What the task requires:
Exact copy, pictures excluded: please retype every record below.
*** Data extracts ***
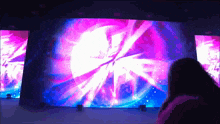 a woman stands in front of a large screen that shows a purple and blue light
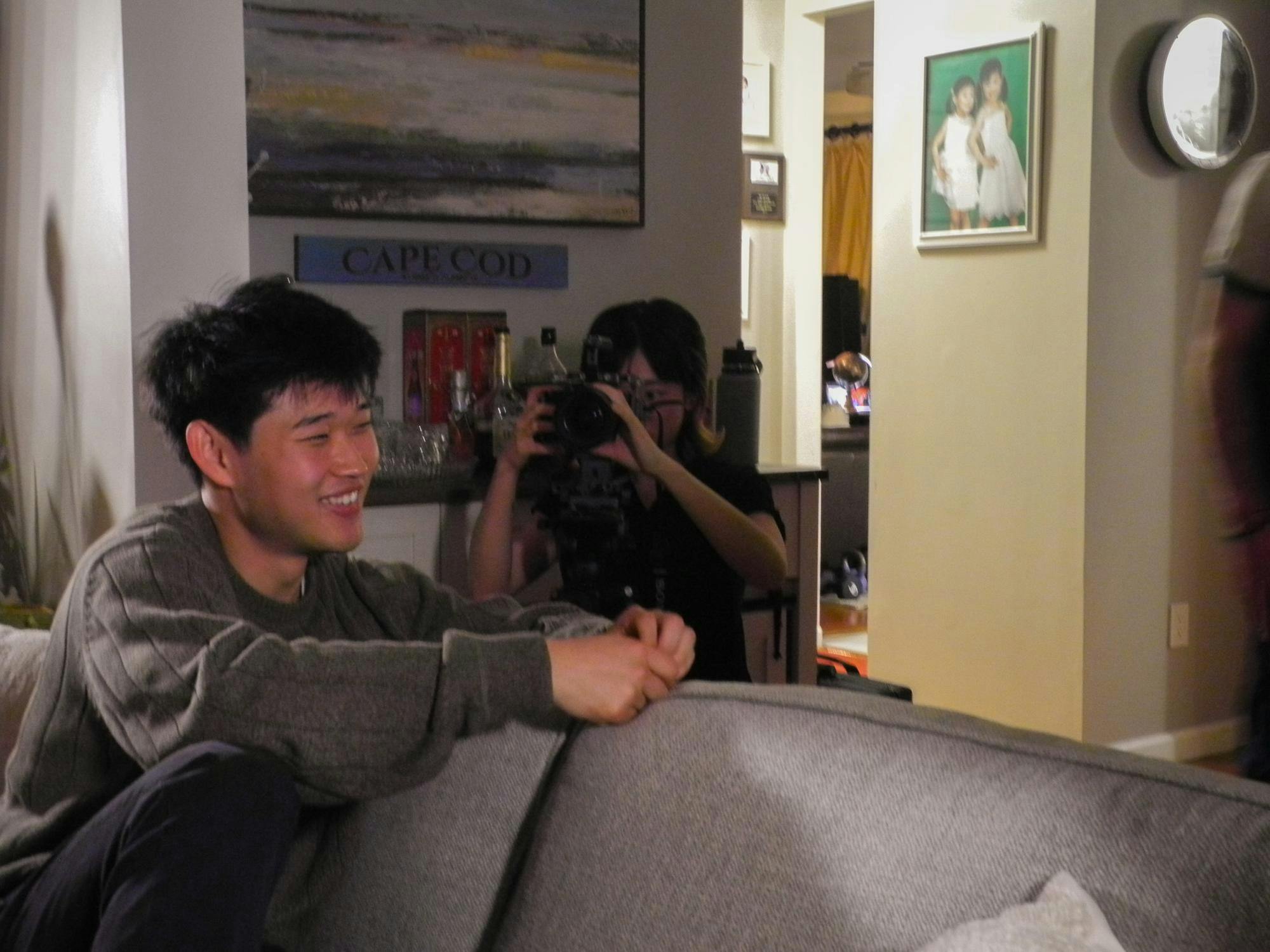 A person in a grey sweater is sitting on a grey couch. A person wearing a black skirt is holding a black camera.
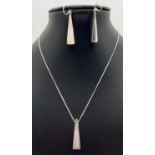 A modern triangular design pendant necklace with a pair of matching drop earrings. Silver marks to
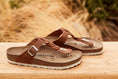 Load image into Gallery viewer, BIRKENSTOCK GIZEH BRAIDED LEATHER | COGNAC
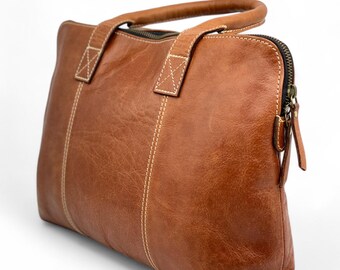 May include: A brown leather tote bag with a top handle and a zip closure. The bag has white stitching and a rectangular shape. The leather has a textured appearance. The bag is designed for carrying items.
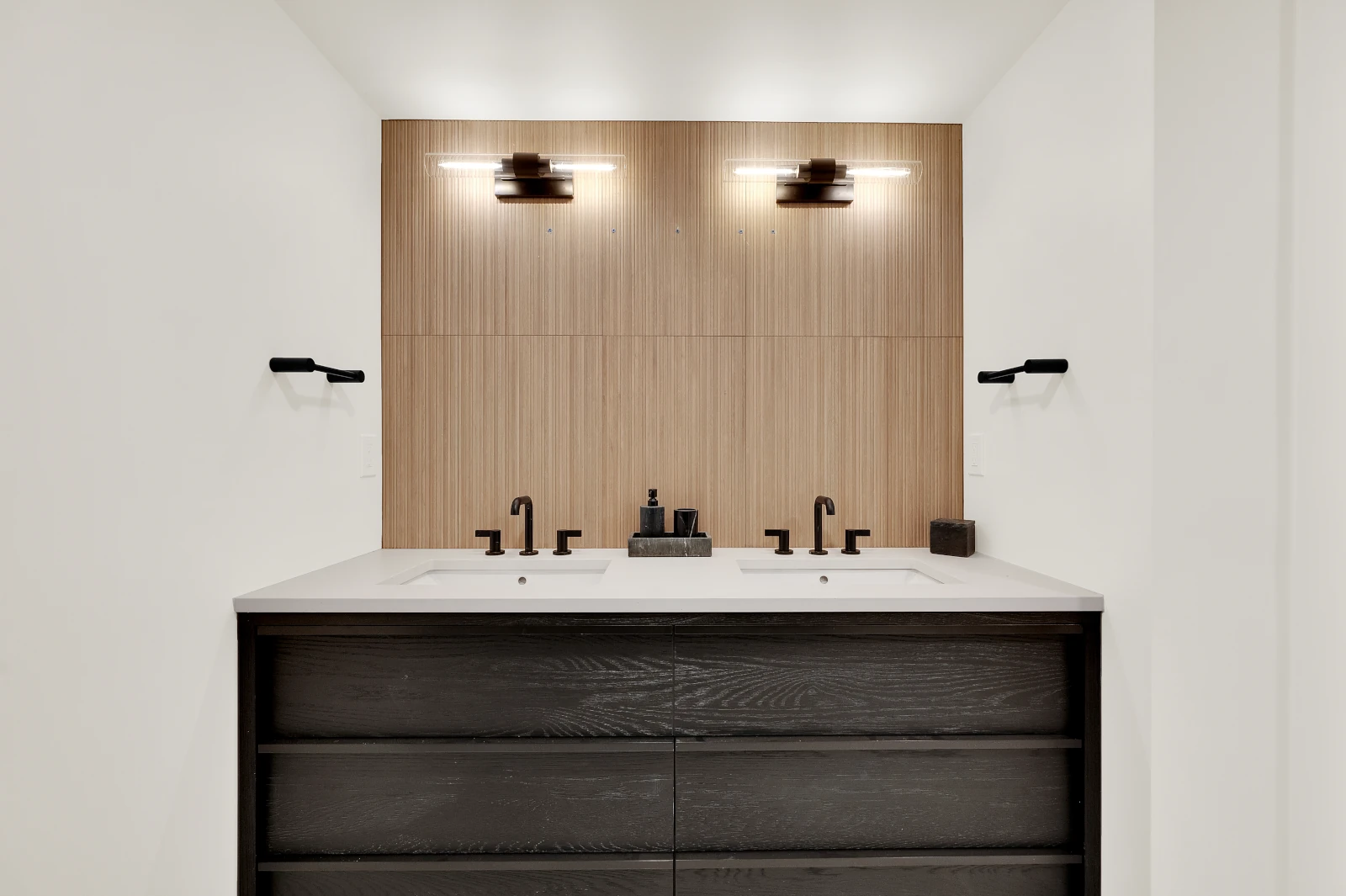Double vanity remodel with black oak cabinetry, white quartz countertop, fluted white oak backsplash, and matte black fixtures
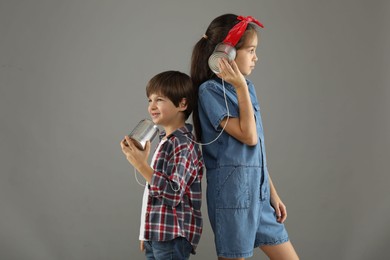 Photo of Girl and boy talking on tin can telephone against gray background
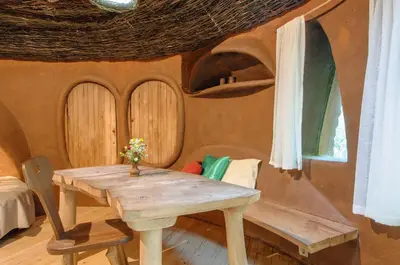 a room with a wooden table and a couch at Omaya Eco Village in Gaytaninovo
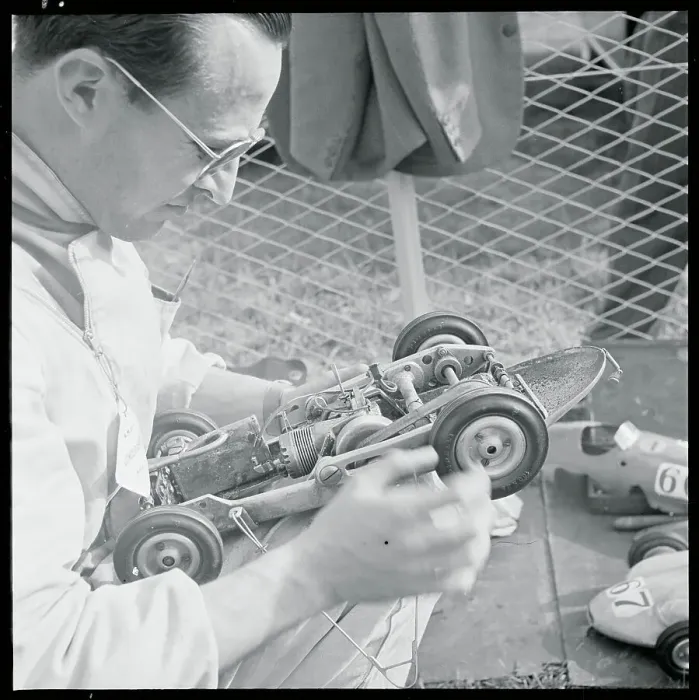 Framed Print : Man Inspecting Miniature Car Framed Print : Man Inspecting Miniature Car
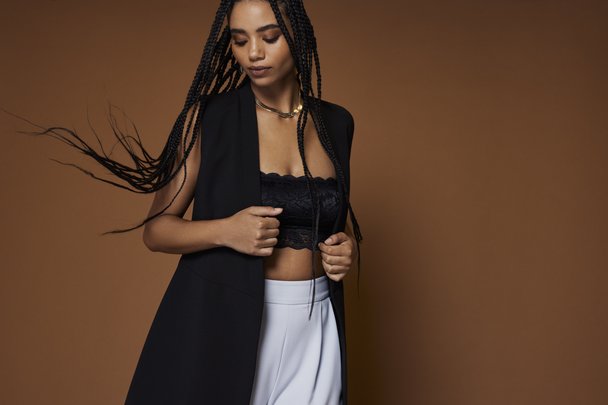 woman in black longline blazer with black lace bandeau top and light blue trousers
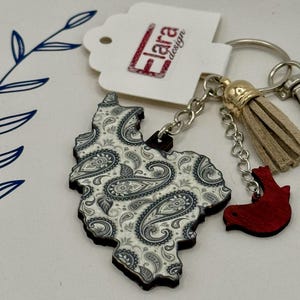 May include: A wooden keychain featuring a paisley design in white and gray. The keychain has a small red bird charm and a tan tassel. The tag reads "Flara design".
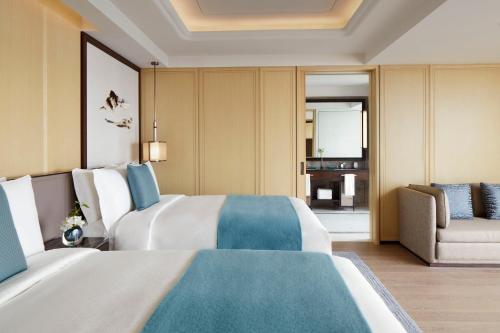 a hotel room with two beds and a chair at The St. Regis Qingdao in Qingdao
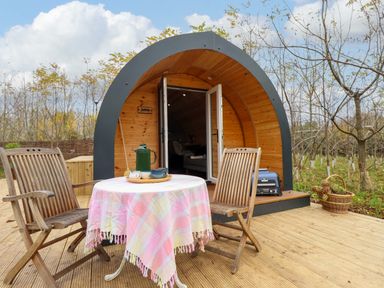 A wooden outdoor deck with a round table covered with a cloth and two wooden chairs in front of a curved wooden cabin at Hobhole in Keal Cotes near East Kirkby
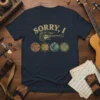 Sorry I Cant I Have Guitar T-Shirt featuring a vintage-style guitar and four circular graphics representing music and travel themes
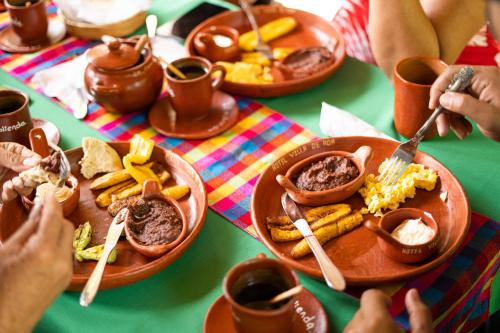 a group of people sitting at a table with plates of food at Hotel de Campo Villa de Ada in Gracias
*** End of Data extracts ***
Solved exercise:
 a woman stands in front of a large screen that shows a purple and blue light
 A person in a grey sweater is sitting on a grey couch. A person wearing a black skirt is holding a black camera.
 A modern triangular design pendant necklace with a pair of matching drop earrings. Silver marks to
 Load image into Gallery viewer, BIRKENSTOCK GIZEH BRAIDED LEATHER | COGNAC
 May include: A brown leather tote bag with a top handle and a zip closure. The bag has white stitching and a rectangular shape. The leather has a textured appearance. The bag is designed for carrying items.
Double vanity remodel with black oak cabinetry, white quartz countertop, fluted white oak backsplash, and matte black fixtures
 Photo of Girl and boy talking on tin can telephone against gray background
 a room with a wooden table and a couch at Omaya Eco Village in Gaytaninovo
 Framed Print : Man Inspecting Miniature Car Framed Print : Man Inspecting Miniature Car
 woman in black longline blazer with black lace bandeau top and light blue trousers
 May include: A wooden keychain featuring a paisley design in white and gray. The keychain has a small red bird charm and a tan tassel. The tag reads "Flara design".
 a hotel room with two beds and a chair at The St. Regis Qingdao in Qingdao
 A wooden outdoor deck with a round table covered with a cloth and two wooden chairs in front of a curved wooden cabin at Hobhole in Keal Cotes near East Kirkby
 Sorry I Cant I Have Guitar T-Shirt featuring a vintage-style guitar and four circular graphics representing music and travel themes
 a group of people sitting at a table with plates of food at Hotel de Campo Villa de Ada in Gracias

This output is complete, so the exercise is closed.